Both the 2nd and 3rd IP listed come up as on the SpamCannibal blacklist when checked on MxToolbox. I don't think this is relevant to the current problem, but surely it's still a problem, yes?

They do NOT have an SPF record, so I think I'll add one if we can't migrate right away to hosted exchange.

Can someone discuss the relative merits of using something like:

"v=spf1 a mx include:secureserver.net ~all" ....which names the godaddy server explicitly and prohibits all others

as opposed to

"v=spf1 mx -all" ....which says (I think) all servers named in this domain's MX records are ok

It appears that both are functionally equivalent, but I'm no expert on the minutiae of SPF.

 

[nlinecomputers]

The ~ in the longer one is a softer requirement. -all is a firm no one else is allowed. ~all is maybe. Other than that they are the same as you mention.

 

[HCHTech]

The ~ in the longer one is a softer requirement. -all is a firm no one else is allowed. ~all is maybe.

Ok, I see - softfail vs. hardfail. This appears to be the definitive list of options, although lots of questions remain.

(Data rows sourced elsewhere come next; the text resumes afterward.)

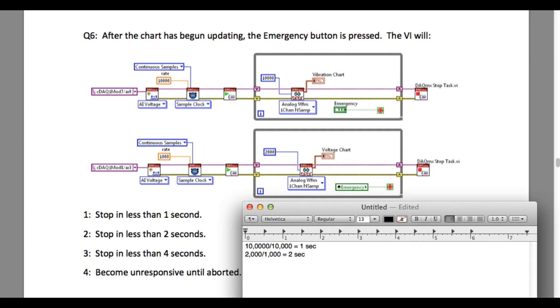As you can see, the rate is two seconds. This means the top loop is going to execute every one second and the bottom loop is going to execute every two seconds.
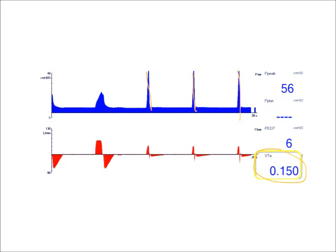This leads to a lot of patient-ventilator asynchrony, agitation, and discomfort. Unfortunately, what it usually leads to is a bolus of sedation, resulting in over-sedating the patient, or sometimes paralyzing the patient, which leads to a longer ventilator length of session.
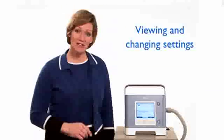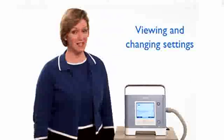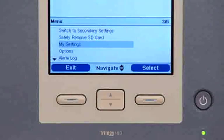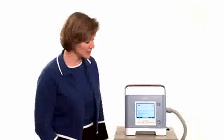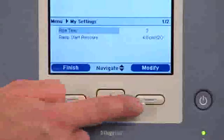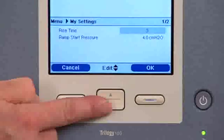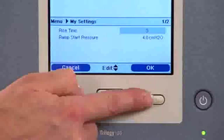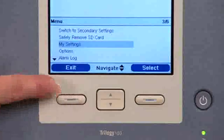Trilogy 100 allows you to view and change certain prescription settings if enabled by the home care provider. Use the up-down button to highlight the My Settings option on the main menu, then press the button under select. Use the up-down button to highlight the setting you want to change, then press the right button to modify it. Use the up-down button to scroll through available settings — press down to decrease or up to increase. Once you've chosen the setting you want, press the right button to save. You can then change another setting or press the left button to return to the main menu.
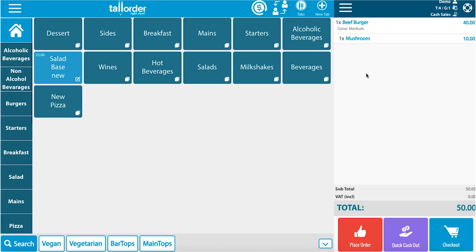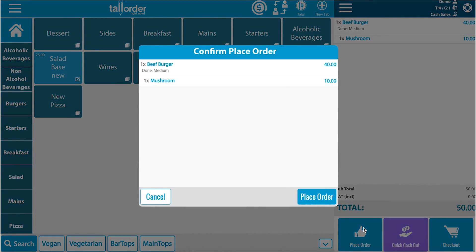In order for the order to be officially placed and sent to either the kitchen or the bar, you'll need to place the order. Click on the place order button at the bottom of the page. Here you'll be able to confirm the order. Please check the details and then place the order to continue.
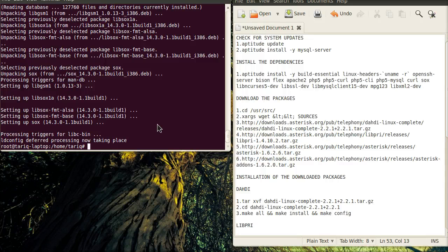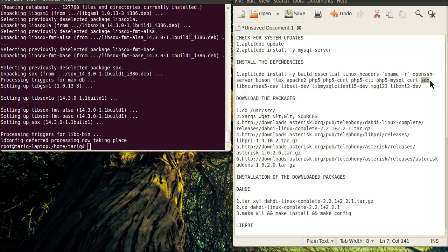Welcome to the second part of the tutorial, which is about installing Asterisk in Ubuntu 10.04. We installed the socks in the first tutorial, and now we will continue by installing library version five.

For softfail, they list:

"The SPF record has designated the host as NOT being allowed to send but is in transition" as the explanation, and then in a column titled "Intended action" they have: "accept but mark"

In practice, will filters that score based on SPF records treat a softfail with more suspicion than a hardfail (I imagine yes)? I guess the "intended action" is not guaranteed to be the "actual action" taken by filters...

 

[nlinecomputers]

Not exactly. ~all on the end your record is a cleanup item. If you don't exactly match the previous part you end up at the end. SO if you have listed your MX record as valid and email is sent from an unlisted mail server then the all function decides how you declare it. ~all means that other email servers MIGHT be mine so you should mark as spam but allow in. -all means that you reject anything that didn't pass before.

v=spf1 mx -all says that my MX record listed is valid but every other server is considered a spam source

v=spf1 mx ~all says my MX record is valid but every other server MIGHT be considered a spam source or might not. If you mark as spam you might miss something from me.

 

[HCHTech]

Thanks, @nlinecomputers , that helps.